> _WHAT THE TASK ASKS_
For this task, output exactly the lines of the material below starting at the line with "alternate_headwear animal_ears autumn_leaves" and ending at the line with "Kansept Arcus K1046A1"; pictures are to be excluded.

> _SUPPLIED DATA_
Start of Block
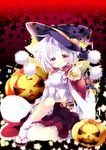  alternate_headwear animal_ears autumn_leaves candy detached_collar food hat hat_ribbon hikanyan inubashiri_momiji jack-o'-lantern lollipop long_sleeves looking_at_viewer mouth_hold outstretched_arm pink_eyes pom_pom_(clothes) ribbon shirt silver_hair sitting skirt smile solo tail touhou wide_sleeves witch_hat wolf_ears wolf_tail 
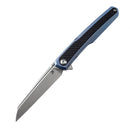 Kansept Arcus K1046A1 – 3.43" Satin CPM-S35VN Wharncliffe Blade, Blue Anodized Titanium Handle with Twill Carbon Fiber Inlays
End of Block
Start of Block
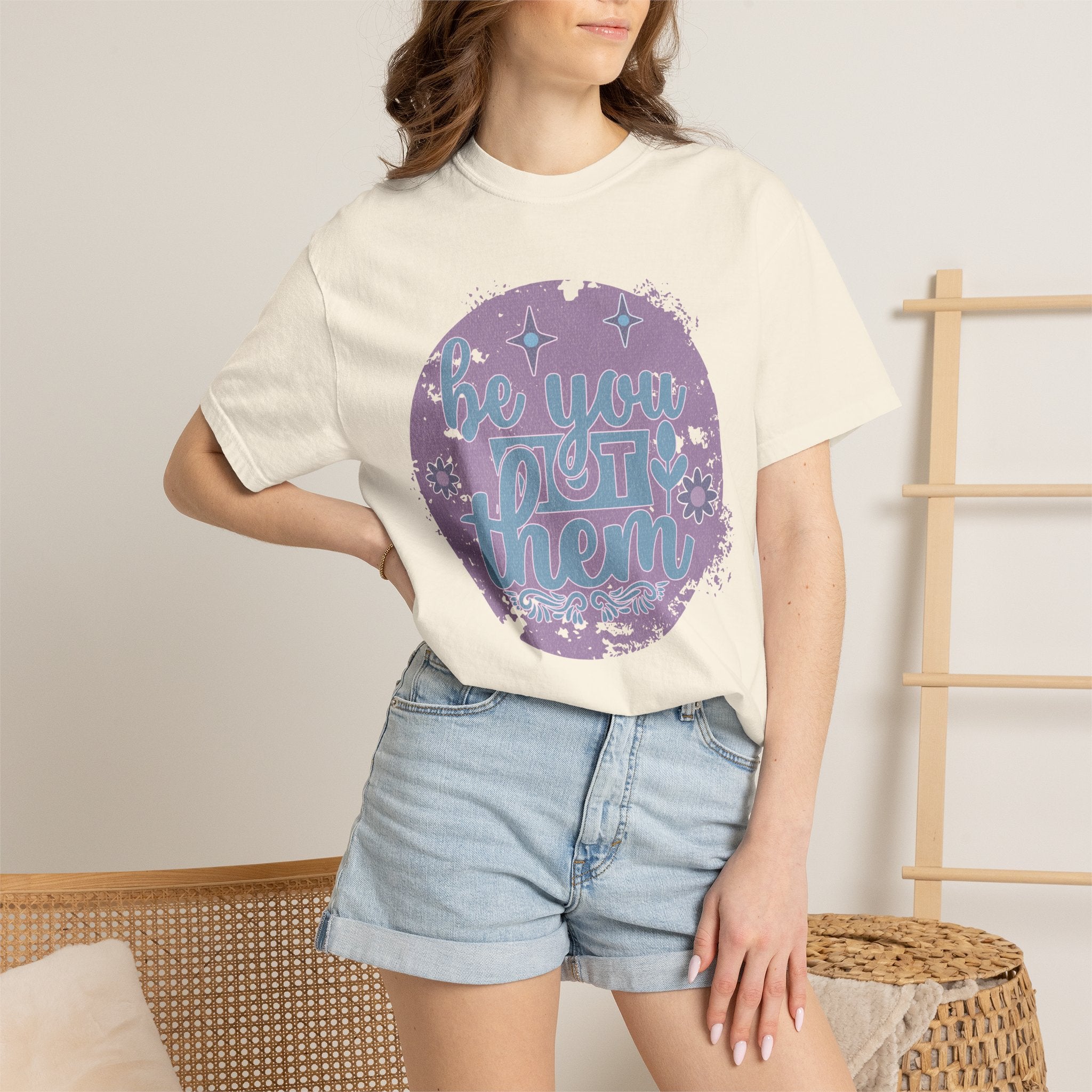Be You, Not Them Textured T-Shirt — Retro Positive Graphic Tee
End of Block
> _RESULT OF THIS EXERCISE_
  alternate_headwear animal_ears autumn_leaves candy detached_collar food hat hat_ribbon hikanyan inubashiri_momiji jack-o'-lantern lollipop long_sleeves looking_at_viewer mouth_hold outstretched_arm pink_eyes pom_pom_(clothes) ribbon shirt silver_hair sitting skirt smile solo tail touhou wide_sleeves witch_hat wolf_ears wolf_tail 
 Kansept Arcus K1046A1 – 3.43" Satin CPM-S35VN Wharncliffe Blade, Blue Anodized Titanium Handle with Twill Carbon Fiber Inlays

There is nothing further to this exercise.